Unlike much of what you can study elsewhere in ie-Physics, here many of the choices about what to describe have been based on the personal experiences of the site author. And in a way, this is more typical of engineering where the focus is on practical problems rather than systematically understanding useful knowledge.
This engineering assignment has roots which extend nearly as far back as the written history of the region. While a student, the author of this web site read some of the tales of Theodore Winthrop, 25 year old Yale graduate and descendent of the first governor of Connecticut. Winthrop journeying around the Far West. Canoe and Saddle describes 11 days of his adventures in 1853 as he utilized the regional transportation system then available in the Pacific Northwest.

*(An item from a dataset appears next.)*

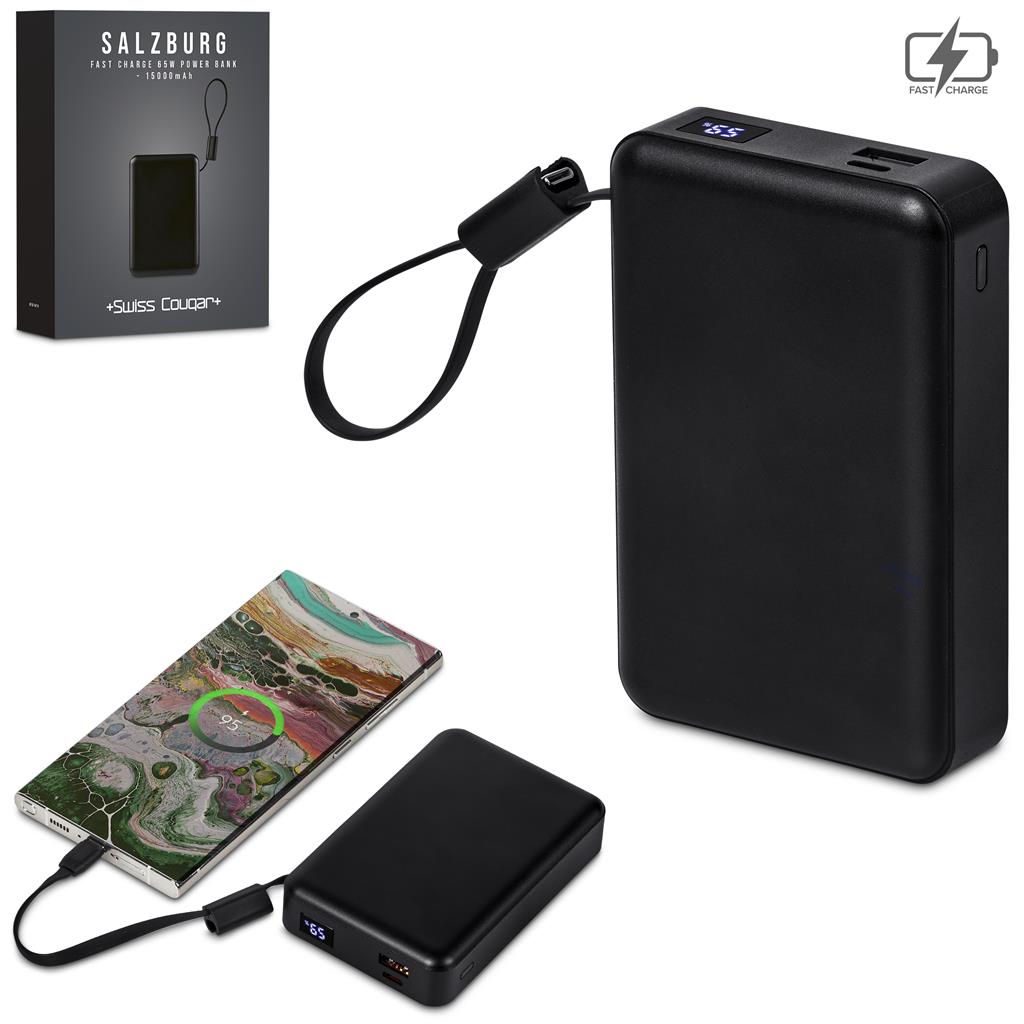 Swiss Cougar Salzburg Fast Charge 65W PD & QC Power Bank 15,000mAh - Image 4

The region now has a W shaped, roughly half a modern multi-laned, high speed highway system hugging the mountains and the drooping fjord which extends about 200 miles in from the Pacific Ocean. And a railroad is being upgraded for higher speed travel up the East side of what is called Puget Sound. But getting across this body of salt water is still primarily by slow 18 Knot auto ferries.
In 1998 Washington State introduced passenger ferries traveling twice as fast as the auto ferries, connecting the cities of Seattle and Bremerton immediately to the West on a route which winds around the southern tip of Bainbridge Island. But home owners along the narrowest part of Rich's Passage claimed that, unlike earlier ship traffic, these new ferries eroded their beaches. This problem caught the interest of the author of these web pages, who spent thousands of hours of childhood playing on small water-craft along the beach at the family home along Rich's Passage. Many of the old auto ferries which routinely plied the Passage had been repeatedly upgraded, and re-engined. As a result of their less than optimum, compromised redesigns, most of the old ferries generated wakes much larger, more choppy, and with shorter wavelengths than the new, smaller but faster passenger ferries. So it seemed a bit odd that the new, well designed boats would create this problem not produced earlier. And not all locations along Rich's Passage experienced the recent erosion. Even though some locations had obvious and severe beach erosion, the unwanted movement of beach sands and gravel was unlikely to have a simple explanation. Fortunately an engineering study was commissioned, funded by the federal government to understand why the new fast ferries were causing the beach erosion and to propose a solution. Eventually for several reasons, use of the fast ferries was suspended, further complicating the study.
the plural of antidote is not data has important application for science and engineering. While individual stories and the practical experiences and observations of peoples such as the home owners and the author may serve to formulate hunches, they do not provide the firm understanding of science.
There are several factors which influence the movement of sand and gravel along beaches: tidal currents, wind generated waves, and a wide variety of ship traffic including the largest vessels of the U.S. Navy which visit the shipyard in Bremerton. Beach erosion and deposition have occurred for millennium. Now there was practical need to understand all the factors involved.
So the challenge has been to sort out the various causes which move sand and gravel along the several miles of shoreline, to develop mathematical models which match the measurements of each factor, and allow the determination of the cause of the beach erosion. That would then be used to attempt to produce a ship hull design which would minimize the beach erosion damage.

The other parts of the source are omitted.